Italian police officers investigated for beatings and torture of suspects

An inspector and four officers in Verona, northeast Italy, are accused of beating and insulting people held in custody, La Stampa daily reported.

A dozen of their colleagues are also under investigation for having allegedly done nothing to stop the abuse, the report added.

La Stampa cited a former prisoner, a Romanian, who said officers had forced him to urinate in a corner of his cell at a police station in Verona, having refused to let him use the toilet.

Afterwards, they beat him up and dragged him over the floor where he had had to urinate, to punish him.

“If these facts are confirmed, it would be enormously serious,” Interior Minister Matteo Piantedosi said Wednesday.
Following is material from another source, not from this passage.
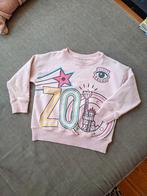 Kenzo Sweater Meisje Maat 116, Kinderen en Baby's, Kinderkleding | Maat 116, Kenzo, Meisje, Trui of Vest, Ophalen of Verzenden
READ ALSO: ‘Treated like a dog’: Transgender woman sues over Italian police brutality

Such conduct damaged “not just the dignity of the victims but also the honour and the reputation” of thousands of honest police officers, he added.

Late last month, a Brazilian transgender woman sued police officers in Milan for alleged brutality, after they beat her in an incident recorded in a video that went viral online.

It showed three officers using their batons to strike the 41-year-old on the head and in the ribs while spraying her with tear gas as she sat in the street, her hands raised.

Prosecutors have opened an investigation into the incident.